Welcome. This guide will show you how to navigate the online waters of romance and help you make even the most mundane of sites a personal dating experience. So, crack open a Mango La Croix (seltzer is the new bread!) and buckle up.

[Andrii Symonenko/Adobe Stock]

Tinder/Bumble/Hinge/OkCupid

We're gonna go obvious first: actual dating sites. I'm mentioning them up top so that no one asks about them later. These are useless. Throw them out the window. If they didn't work when the world was normal, they're not going to work now. You think you're going to find the love of your life because you both like the Frank Ocean cover of "Moon River"? (Beautiful, but unhelpful.) Love isn't a compatibility Spotify playlist; love is gritty and hard work. Radical problems call for radical solutions. We have to look to a new dating horizon. It will be like Robocop, but with none of the bad stuff.


LinkedIn

This seems like an obvious choice. People want a successful partner, so why not pick your dates based on their resumes? LinkedIn has a messaging feature. In between "Tony Robbins says that the path to success is to take massive, determined action," and "Are you prepared to make a real impact on the world around you? Become a creative force for social change with Emerson's MA in Media Design," there's room for you to slip in and say, "Hey, do you like margaritas? What's the biggest mistake you've ever made? Who's the last person who saw you cry?" And we're off! It's that simple. With a little vulnerability in a sea of inhumanity, you will stand out.

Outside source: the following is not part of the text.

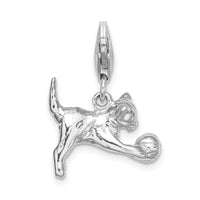 Sterling Silver 3-D Polished Kitten & Ball W/Lobster Claw Clasp Clasp Charm Charms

LinkedIn also lets contacts endorse each other for skills. They won't let you write non-work-related ones like "butt stuff" (I have tried), but there's a lot to infer from what they do offer. Good at blogging? That person has a mood disorder. Event planning? They've been divorced. Copywriting? A liar! It's all there.


Facebook

This is already a popular social media site, so it makes perfect sense that it would transition to dating at some point. Facebook has its own dating interface, but I wouldn't endorse it. Everything they do seems to be a way to mine our data, so after a week of chatting, your targeted ads would probably be so specific that it'd be violating.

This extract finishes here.